This 1966 adaptation of Ross Macdonald's The Moving Target is worth seeing if you like detective stories. But Macdonald fans may, or rather should, find it disappointing.
The plot is adapted in a reasonable way, but the portrayal of Macdonald's detective, Lew Archer, is badly flawed. He's played by Paul Newman, who insisted on renaming the character "Harper." I'm tempted to say Newman was just the wrong choice, period, because he's too good-looking and in general projects the wrong sort of image. But even if I allow that he could have done it well, he didn't. I don't know whether to blame Newman or the scriptwriter, William Goldman, but this Harper/Archer simply has the wrong personality. He's more like an updated Philip Marlowe: brash, full of wisecracks, somewhat flashy. Archer is a somber, in fact melancholy, character, low-key in his dealings with clients and crooks. Newman's Harper wears an annoying ironic smirk much of the time, and, even more annoyingly, is constantly chewing gum.

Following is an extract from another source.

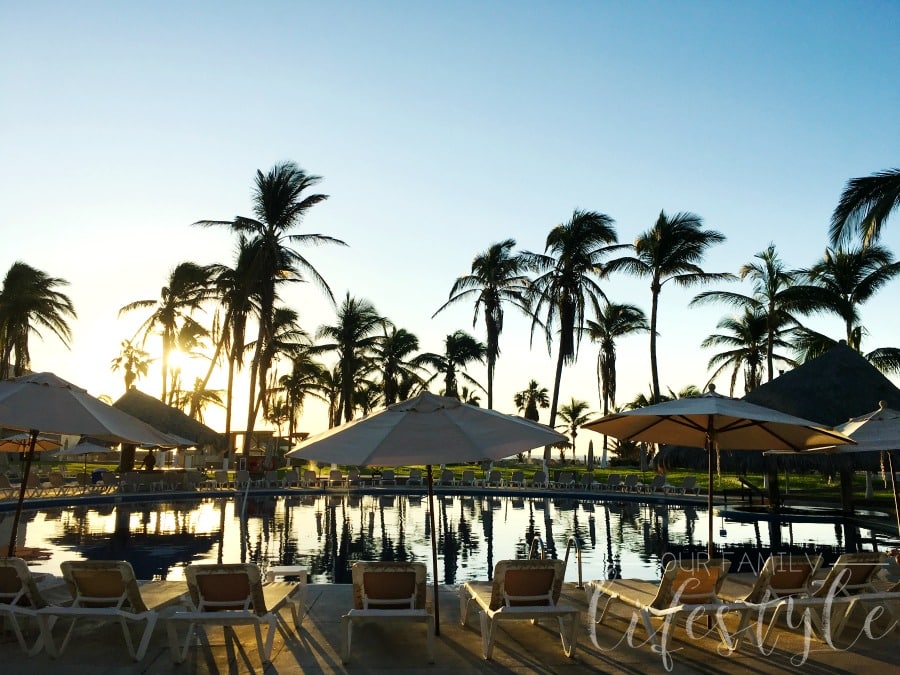 sunrise at Holiday Inn Los Cabos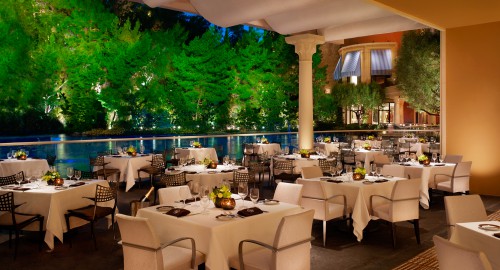 390_SW_Steakhouse_Patio_Barbara_Kraft.jpg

Compounding the mistake is the decision to introduce H/A's estranged wife and a love scene between them: he appears in the middle of the night, begs her to go to bed with him, then gets up and leaves in the morning while she's fixing him breakfast. This functions only to make Harper a less likeable character. In the books we know that Archer is divorced, though we never learn much about his wife or their marriage–both remain distant but clearly suggested as contributors to Archer's general melancholy.
Still, if you get over that (assuming you know the books and have expectations), it's a pretty good re-working of the '40s private eye genre (not exactly noir, but close) in a 1960s California setting (and a beautiful setting it is, when the natural world is involved). It's full of big-name stars apart from Newman (Janet Leigh, Shelley Winters), most of whom do a good job, and is well produced and photographed. I notice a lot of the reviewers on Amazon consider it a sort of '60s period piece, and that's justifiable. I expect it looked very up-to-the-minute when it was released, the sort of thing that reviews call "stylish." But of course the more stylish it looks today, the more dated it will look tomorrow (until it comes around again as nostalgia).